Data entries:
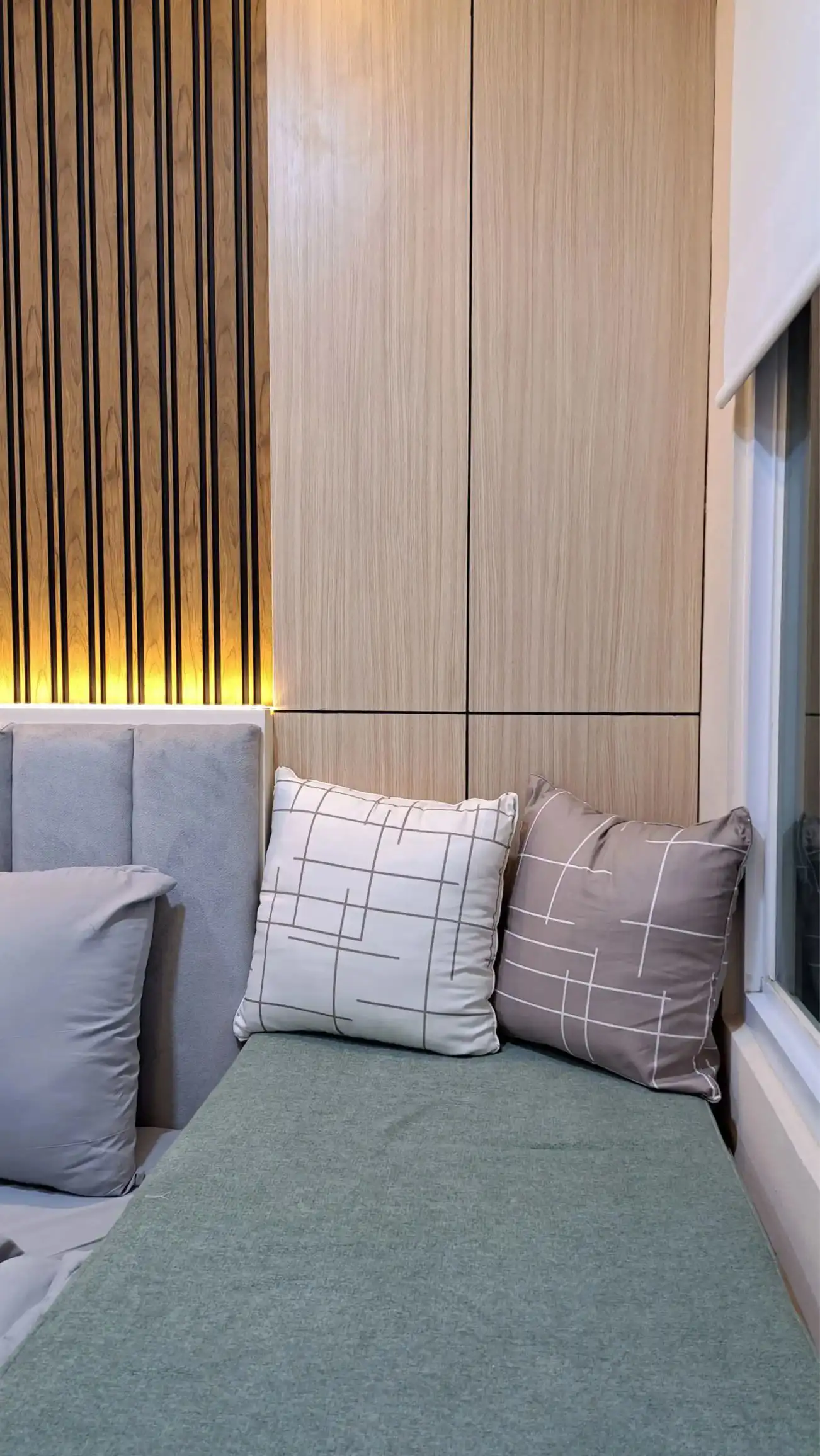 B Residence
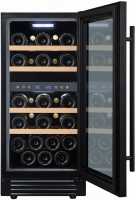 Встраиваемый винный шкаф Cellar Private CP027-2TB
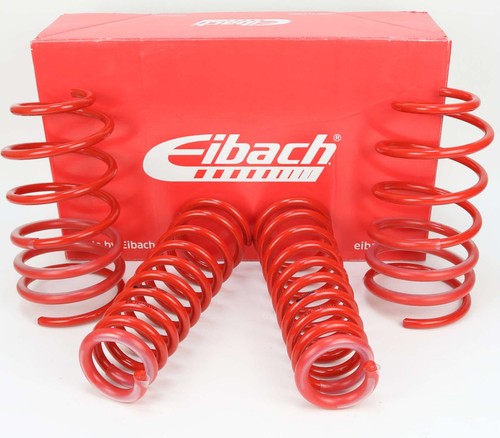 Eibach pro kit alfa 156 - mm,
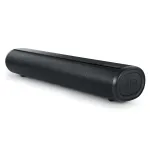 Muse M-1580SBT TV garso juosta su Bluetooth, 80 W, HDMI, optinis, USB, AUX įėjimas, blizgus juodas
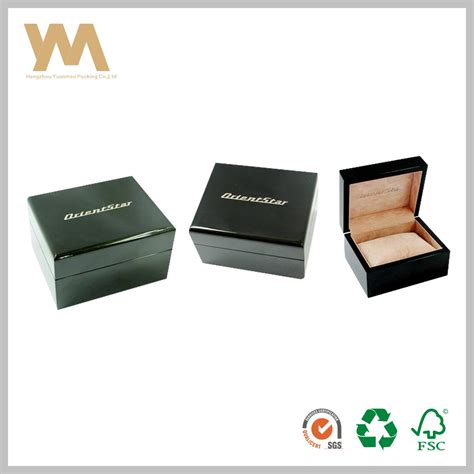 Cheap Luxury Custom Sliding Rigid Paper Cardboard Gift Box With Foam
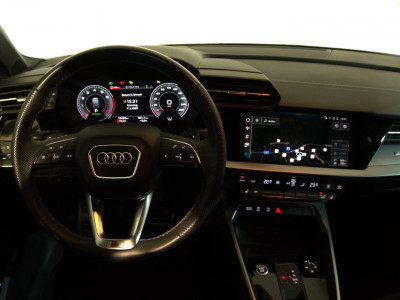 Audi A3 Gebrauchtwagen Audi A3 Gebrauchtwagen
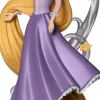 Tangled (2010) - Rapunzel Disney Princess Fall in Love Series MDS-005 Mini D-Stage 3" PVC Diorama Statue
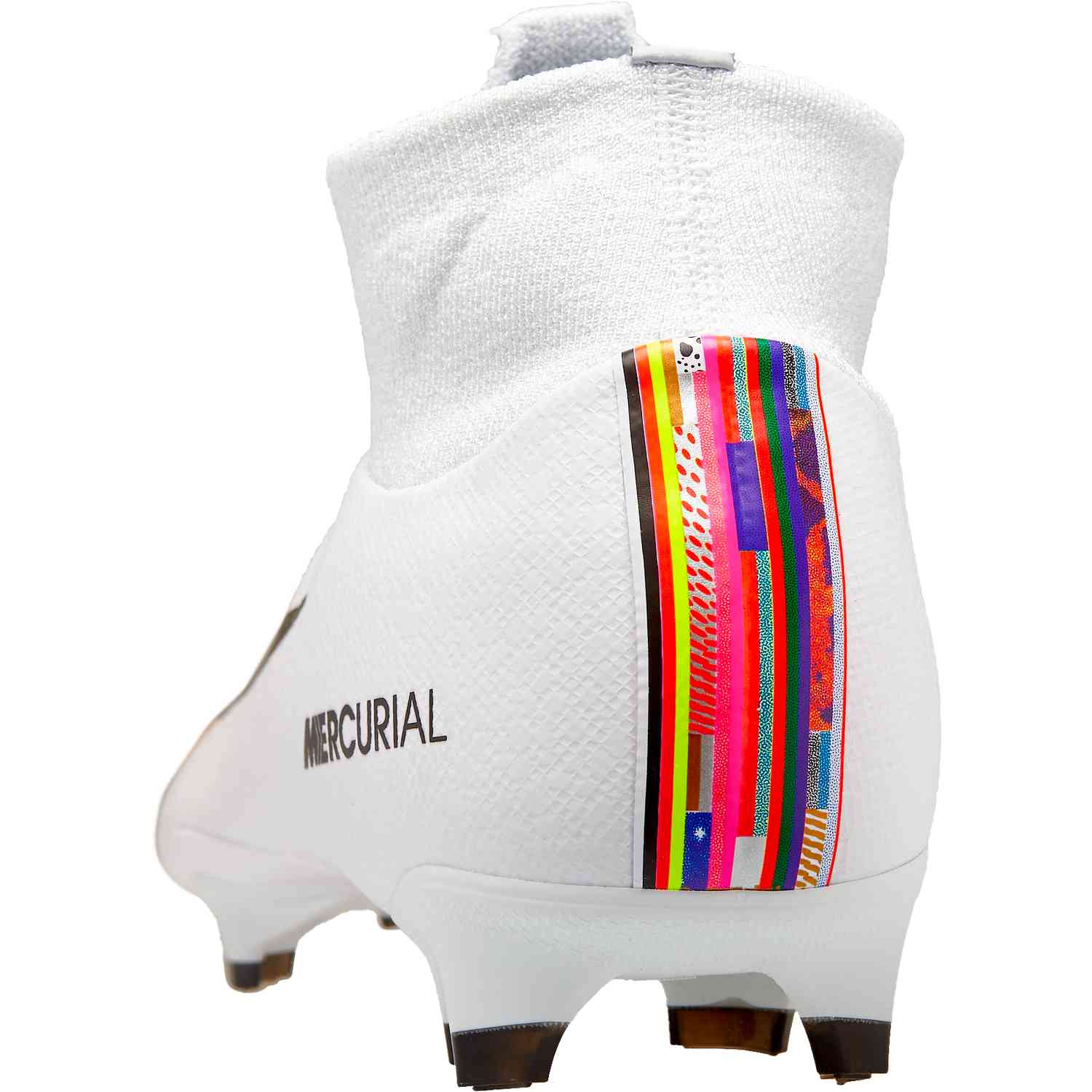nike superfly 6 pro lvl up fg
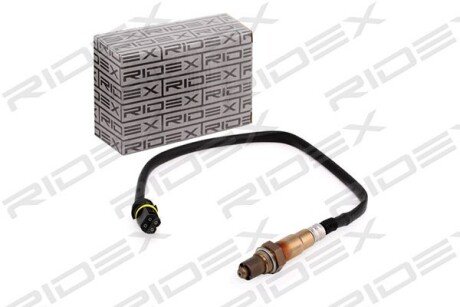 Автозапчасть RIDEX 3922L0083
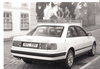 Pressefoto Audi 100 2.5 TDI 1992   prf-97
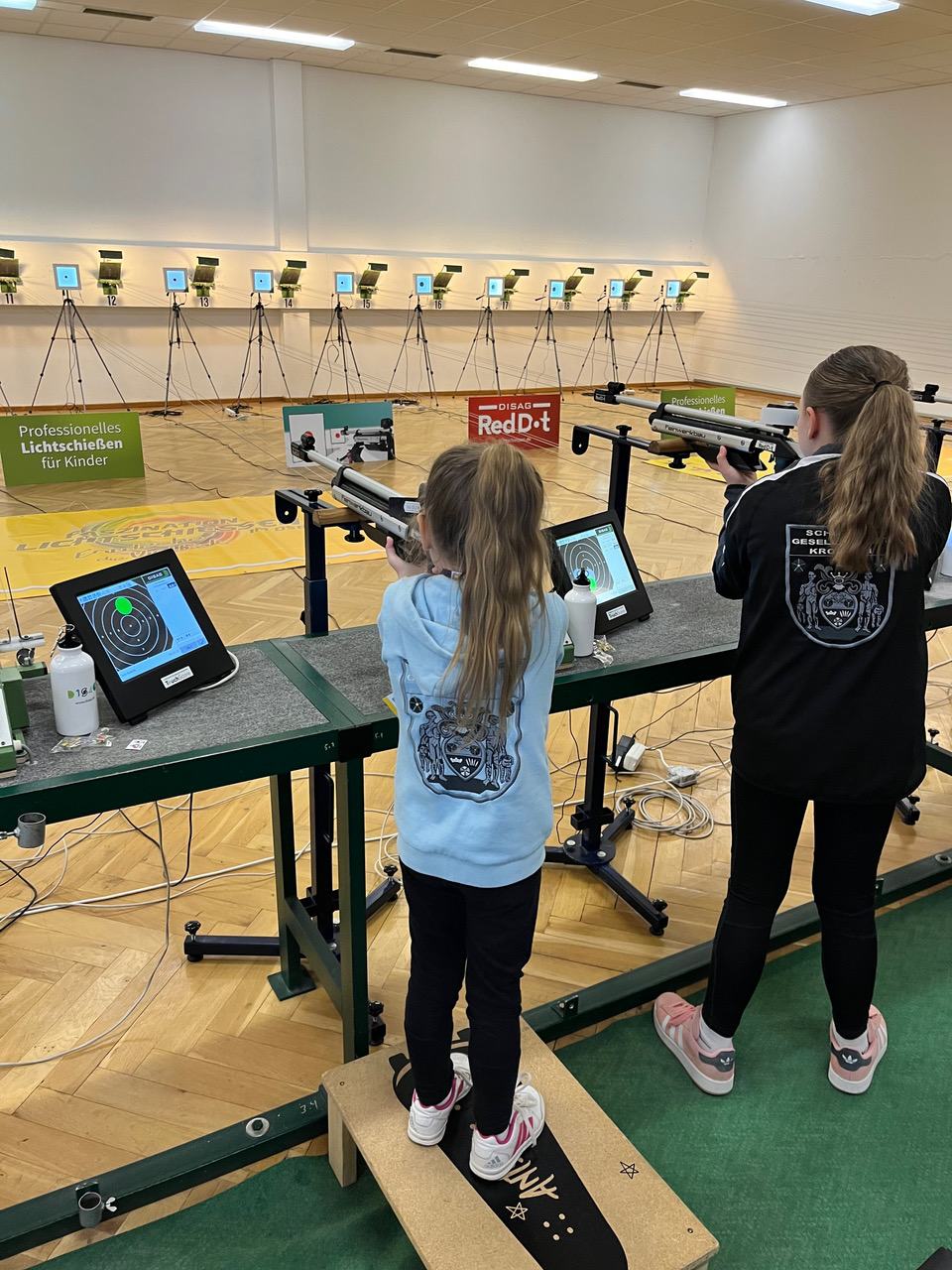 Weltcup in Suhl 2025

__PROBLEM STATEMENT__. None of the pictures belongs in the answer, but all the entries must be repeated exactly.

__COMPLETED EXERCISE__.
 B Residence
 Встраиваемый винный шкаф Cellar Private CP027-2TB
 Eibach pro kit alfa 156 - mm,
 Muse M-1580SBT TV garso juosta su Bluetooth, 80 W, HDMI, optinis, USB, AUX įėjimas, blizgus juodas
 Cheap Luxury Custom Sliding Rigid Paper Cardboard Gift Box With Foam
 Audi A3 Gebrauchtwagen Audi A3 Gebrauchtwagen
 Tangled (2010) - Rapunzel Disney Princess Fall in Love Series MDS-005 Mini D-Stage 3" PVC Diorama Statue
nike superfly 6 pro lvl up fg
 Автозапчасть RIDEX 3922L0083
 Pressefoto Audi 100 2.5 TDI 1992   prf-97
 Weltcup in Suhl 2025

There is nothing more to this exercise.